Major geopolitical shifts can be unexpected, such as the once unthinkable situation of European unity crumbling. This prospect may have delighted some observers, but it’s worrying for many others.

The European Union (EU) has been indispensible to US management of the post-Cold War international security environment as a partnership based on democratic values, human rights and shared international norms and a commitment to collective security through NATO. While the European refugee crisis—now exacerbated by the EU quota proposal—has emboldened the growing populist anti-EU forces, the debate over the Transatlantic Trade and Investment Partnership (TTIP) also has the potential to add to the growing breakdown of European unity.

With the rise of anti-immigration sentiment, resurgent nationalism and disenchantment with EU governance—and particularly the impacts of economic austerity—economic reform and free trade policies like the TTIP are exposing serious fault lines in Europe. The EU object of ever-greater integration is now an anathema to many Europeans.

Increasingly the usually dominant parties in Europe have had to modify their policies to accommodate attacks from populist parties that cater to general discontent and disillusionment with the European Project. The contest over the TTIP therefore presents an unprecedented opportunity for opponents of the EU, especially given the major elections in France, Germany, Luxemburg, and the Netherlands due to take place in 2017.

Last year only a tactical maneuvere by the major parties kept France’s National Front (FN)—which opposes globalization, is Eurosceptic and anti-immigration—from winning two regional presidencies.
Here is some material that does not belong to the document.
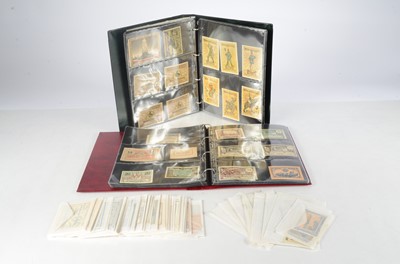 Lot 156 - A large collection of  German and Austrian Notgeld emergency money banknotes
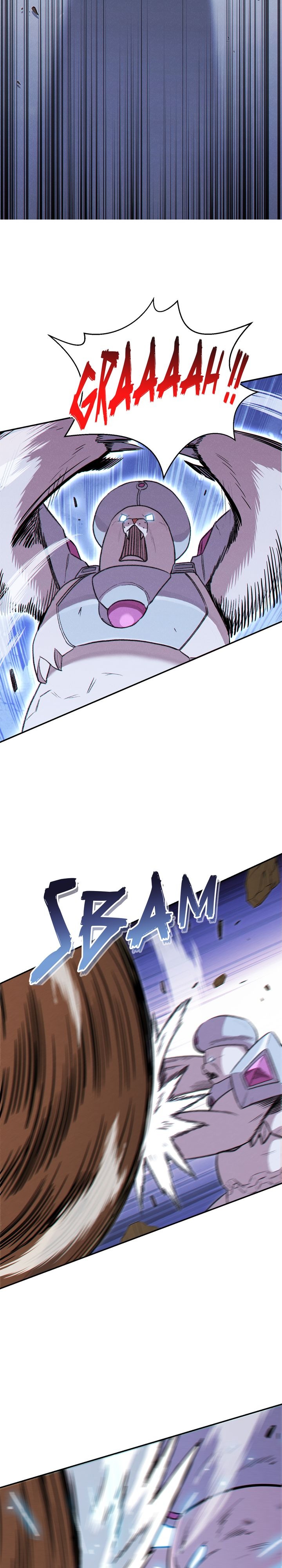 Dungeon Reset Chapitre 66 - Page 2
Marine Le Pen, leader of the FN, is regarded as having a real chance in France’s 2017 presidential race. Last month’s leak of EU TTIP negotiating documents by Greenpeace has forced France’s socialist President Hollande to take a strong negative position on the TTIP—more consistent with the FN’s stance.

Just this week, the Austrian presidential election saw a very narrow loss by ultra-conservative Freedom party of Austria (FPoA) candidate. The FPoA opposes ‘further European integration and the Islamisation of Austria’. Earlier this year the nationalist anti-Muslim Alternative for Germany (AfD) won representation in all three German state parliaments. A common feature of both the Austrian and German polls was the dismal showing of the liberal-centrist pro-EU parties.

Across Europe, illiberal nationalists, anti-Muslim/anti-immigration and Eurosceptic parties are increasing their influence—Poland and Hungary are governed by illiberal parties, and the Eurosceptic nationalist Finns Party is the second largest in Finland. Geert Wilders’ Party for Freedom only holds 15 of the 150 parliamentary seats in the Netherlands, although polls show support rising from 15 to 38 percent. And in the UK, while only finishing distant third in last year’s British General election with 12.7 percent, UKIP’s policies have influenced the Tory government to hold a referendum on EU membership.

Meanwhile the Podemos Party in Spain and Syriza in Greece, while nominally leftwing and pro-immigration, have in common with the rightist parties a strong opposition to neoliberal austerity policies and trade liberalization. They also advocate reform of the EU and devolution of power back to member states.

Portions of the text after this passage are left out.